Collection entries

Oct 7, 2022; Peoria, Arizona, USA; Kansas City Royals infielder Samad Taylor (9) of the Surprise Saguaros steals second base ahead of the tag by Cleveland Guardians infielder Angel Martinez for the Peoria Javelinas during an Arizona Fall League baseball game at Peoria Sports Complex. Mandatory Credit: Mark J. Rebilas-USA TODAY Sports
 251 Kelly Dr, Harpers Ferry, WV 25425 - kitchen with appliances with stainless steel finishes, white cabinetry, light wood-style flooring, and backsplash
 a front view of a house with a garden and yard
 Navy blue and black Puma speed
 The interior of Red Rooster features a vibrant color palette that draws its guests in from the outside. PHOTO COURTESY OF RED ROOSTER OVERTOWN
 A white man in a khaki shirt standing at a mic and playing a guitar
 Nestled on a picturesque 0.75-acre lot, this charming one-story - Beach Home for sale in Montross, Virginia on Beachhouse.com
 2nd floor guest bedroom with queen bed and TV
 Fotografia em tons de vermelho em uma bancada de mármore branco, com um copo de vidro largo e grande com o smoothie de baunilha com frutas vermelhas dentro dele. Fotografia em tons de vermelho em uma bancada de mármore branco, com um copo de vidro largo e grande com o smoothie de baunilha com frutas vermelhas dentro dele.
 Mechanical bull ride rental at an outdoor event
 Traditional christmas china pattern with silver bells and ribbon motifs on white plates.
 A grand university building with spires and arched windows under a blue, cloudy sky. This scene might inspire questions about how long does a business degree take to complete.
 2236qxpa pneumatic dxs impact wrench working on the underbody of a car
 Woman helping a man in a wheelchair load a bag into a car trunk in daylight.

## [ACTIVITY]
All lines from the one with "Traditional christmas china" through the final line above are to be quoted exactly; quote no other line.

## [RESPONSE AREA]
 Traditional christmas china pattern with silver bells and ribbon motifs on white plates.
 A grand university building with spires and arched windows under a blue, cloudy sky. This scene might inspire questions about how long does a business degree take to complete.
 2236qxpa pneumatic dxs impact wrench working on the underbody of a car
 Woman helping a man in a wheelchair load a bag into a car trunk in daylight.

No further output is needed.